Python Forum
HTTPError: Forbidden when try download image
Thread Rating:
  • 2 Vote(s) - 4.5 Average
  • 1
  • 2
  • 3
  • 4
  • 5
HTTPError: Forbidden when try download image
#1
i want to download picture on wallhaven.cc and i can get picture url but image is not download its give an error ; 

my code is ;

import urllib.request
from bs4 import BeautifulSoup

imdbUrl="htt"+"ps:"+"//alpha.wallhaven.cc"+"/random?page=4"
r=requests.get(imdbUrl)

soup=BeautifulSoup(r.content,"html.parser")

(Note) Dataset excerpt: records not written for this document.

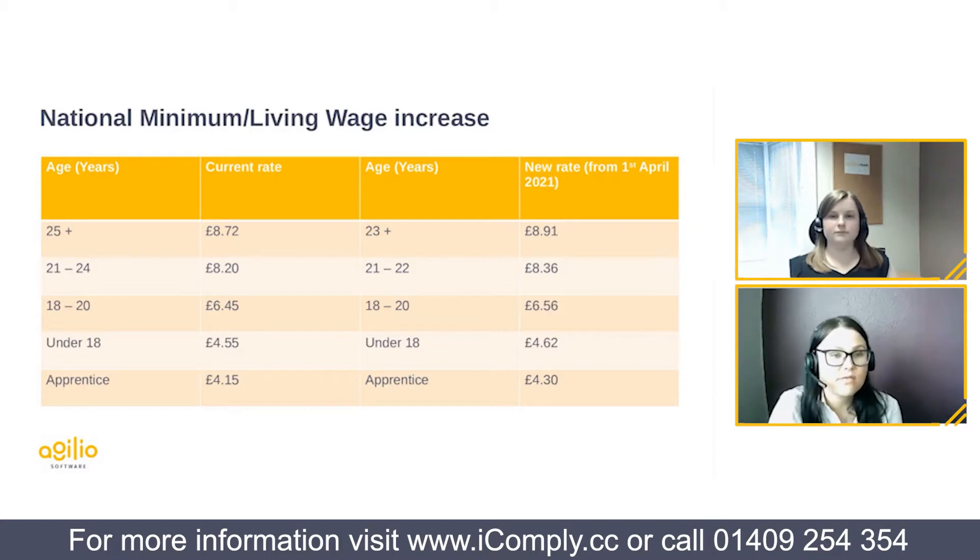Starting with the national minimum and living wage increases, all effective from the 1st of April. There are two considerations this year: the usual increases to hourly rates, but also — something that hasn't been widely publicised — the age range for the national living wage is changing. Previously it applied to employees aged 25 or older, but this is being reduced to 23 years. So team members aged 23 and over will be entitled to the national living wage from the 1st of April.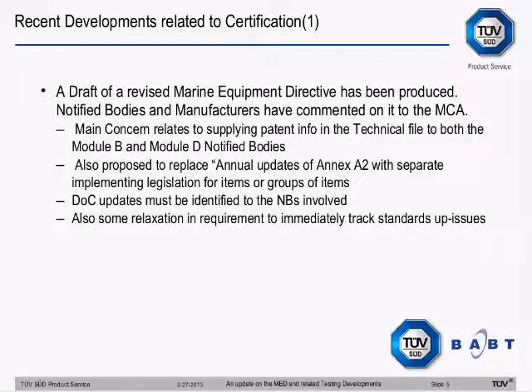One thing they have proposed, which I think is a good idea, is to replace the idea of annual updates to the Annex with separate implementing legislation. Currently, every year to 15 months a new Annex comes out, and for about 80% of products there is no change — only some items change. But the result has been that people have had to update certificates and had difficulties on Module Ds because they've had to update references to certificates when in fact there's been no change to the standards and no change to the actual requirements.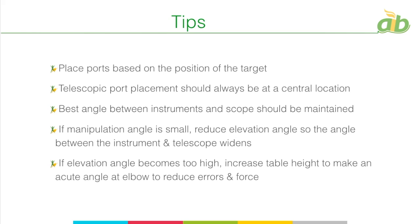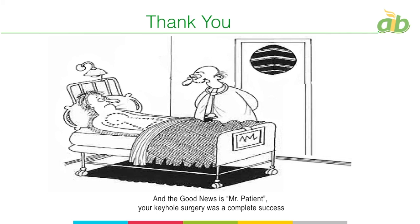If the manipulation angle is smaller, reduce the elevation angle so the angle between the instruments and telescope widens, improving performance. If the elevation angle becomes too high — which is common in many learning centers — increase the table height to make an acute angle at the elbow, reducing errors and force. When having difficulty, don't hesitate to put in extra ports — extra ports are not a failure, just a learning curve. At the end of the day, it's about optimally performing procedures with three to five ports by following the principles.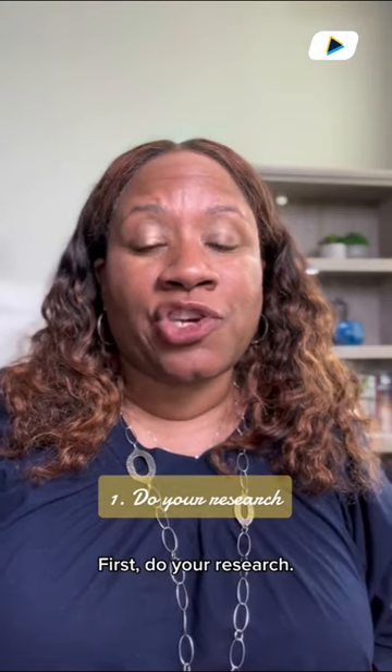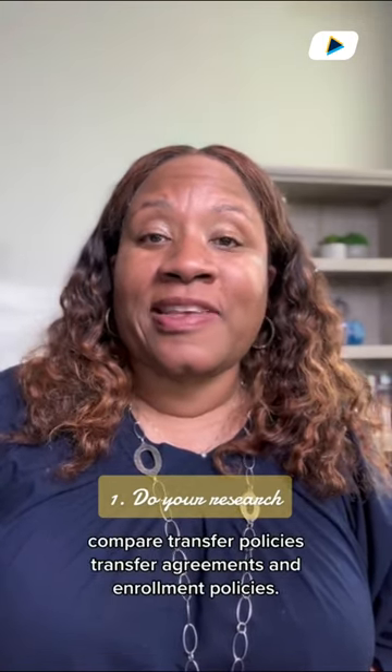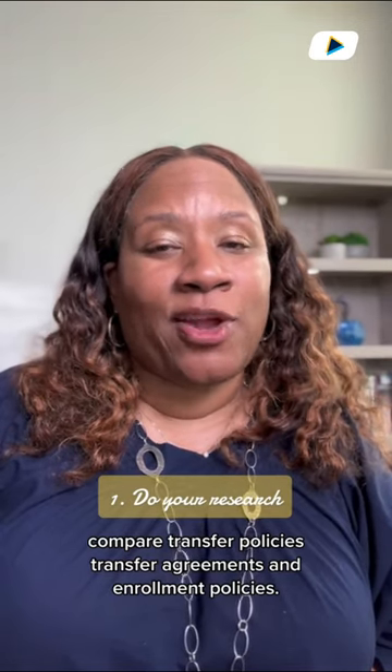First, do your research. It's important to explore all options. Compare transfer policies, transfer agreements, and enrollment policies.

kelimeler=soup.find_all("img",{"class":"lazyload"})

say=0
for i in kelimeler:
    say +=1
    url=str(i['data-src'])
    url=url.replace("alpha","wallpapers")
    url=url.replace("/thumb/small/th-","/full/wallhaven-")
    url=url.replace("https","http")
    yeniad=str(say)+".jpg"
    url=url.strip()
    print(url)
    urllib.request.urlretrieve(url,yeniad)
but its give an error like this ; 
Error:
HTTPError: Forbidden
Reply
#2
what gets printed from:
print(url)
what the heck is this?
imdbUrl="htt"+"ps:"+"//alpha.wallhaven.cc"+"/random?page=4"
why not
imdbUrl = 'https://alpha.wallhaven.cc/random?page=4'
Reply
#3
According to documentation there is no urllib.request.get() method. I didn't find it. There is urllib.request.urlopen()
It's better to use Requests
"As they say in Mexico 'dosvidaniya'. That makes two vidaniyas."
https://freedns.afraid.org
Reply
#4
(Jan-20-2017, 07:55 PM)Larz60+ Wrote: what gets printed from: its show image URL
print(url)
what the heck is this? i use this because i cant open thread when its link , i use this like seening your write
imdbUrl="htt"+"ps:"+"//alpha.wallhaven.cc"+"/random?page=4"
why not
imdbUrl = 'https://alpha.wallhaven.cc/random?page=4'

(Jan-20-2017, 08:43 PM)wavic Wrote: According to documentation there is no urllib.request.get() method. I didn't find it. There is urllib.request.urlopen()
It's better to use Requests

please write it for me , i cant understand anything
Reply
#5
They are blocking urllib,but it work with Requests(as you should use anyway).
Quote:please write it for me , i cant understand anything
You should try yourself,but to be nice here how to download 1 image.
You always do test like this,before you are making a loop Undecided
from bs4 import BeautifulSoup
import requests
import os

page = 4
url = 'https://alpha.wallhaven.cc/random?page={}'.format(page)
url_get = requests.get(url)
soup = BeautifulSoup(url_get.content, 'html.parser')
# Parse
kelimeler = soup.find("img", {"class":"lazyload"})
img_nr = os.path.basename(kelimeler['data-src'])
img_nr = img_nr.split('-')[-1]
img_large = 'https://wallpapers.wallhaven.cc/wallpapers/full/wallhaven-{}'.format(img_nr)
# Download
down_link = requests.get(img_large)
with open(img_nr, "wb") as img_obj:
    img_obj.write(down_link.content)
Reply
#6
Hey there! Im about to try your script out but Im almost 100% sure I know whats going on.  I have to admit that I gave bs a once over years ago and have been married to scrapy (we have a special connection... ?lol)... BUT when your doing your parsing, in scrapys case (as beautifulSoup) theres' a default header or "User Agent" Profile.. Hmmmm .. Cant be much different...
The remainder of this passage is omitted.